Once installed, run the plugin by selecting two or more nucleotide sequences and clicking on Align/Assemble - Align Whole Genomes in the toolbar. Mauve is available as an option at the top of the Alignment options window.
The results are presented as a Mauve alignment document which displays the Mauve alignment view as a tab. This gives an overview of all genomes with related regions linked as colored blocks.
1.1.3 (15 Feb 2021) – Download for Geneious 2021.0
– Fixed a bug loading of annotations and contig boundaries for sequence lists missing accession numbers on contained sequences
– Updated some icons to be high res and fit the new UI.
– Updated wording of “Show Details” in exception dialog
– Prevented creating or viewing invalid alignments
1.1.1 (30 Oct 2017) – Download for Geneious 11.0
– Fixed DCJ analysis in most cases
– Added an option to save contigs in order as a sequence list or concatenated sequence when running MCM
– Mauve alignment exporter now exports referenced source genomes in Genbank flat format (better supported by current versions of Mauve)
– Mauve .backbone file is now saved; when exporting Mauve alignments in .xmfa format the .backbone file will also be exported if it is available
1.1.0 (29 Sep 2017) – Download for Geneious 11.0
– For multiple input documents, sequence lists are now assumed to contain sequences from a single genome (a single input sequence list is still treated as a list of complete genomes)
– The MCM (contig reordering) algorithm is now available
– Updated to latest Mauve development snapshots: 2015-02-26 (Windows), 2015-02-25 (Mac OS), 2015-02-13 (Linux 64 bit)

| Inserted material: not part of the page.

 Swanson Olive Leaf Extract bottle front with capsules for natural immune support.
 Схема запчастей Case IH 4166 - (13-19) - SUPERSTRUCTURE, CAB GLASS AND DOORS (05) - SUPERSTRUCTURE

– Fixed bug where track data (such as qualifiers used for heatmap coloring) wasn’t copied to the Mauve result
1.0.5 (10 Mar 2017) – Download for Geneious 6.0
– Fixed a problem where import fails on valid XMFA file when there is no space in front of sequence number
– Fixed the importer producing nameless documents
– Made the operation failed dialogues more friendly
– Fixed a problem that caused alignments extracted from features in the genome alignment viewer to be offset by 1
– Fixed a problem where question mark nucleotides were being deleted by Mauve and causing annotations to be offset
– Now mentions when no alignment could be produced
0.6.11 (05 Jul 2012) – Download for Geneious 5.6
Supports annotation tracks
Aaron E. Darling, Bob Mau, and Nicole T. Perna. 2010. progressiveMauve: Multiple Genome Alignment with Gene Gain, Loss, and Rearrangement. PLoS One. 5(6):e11147.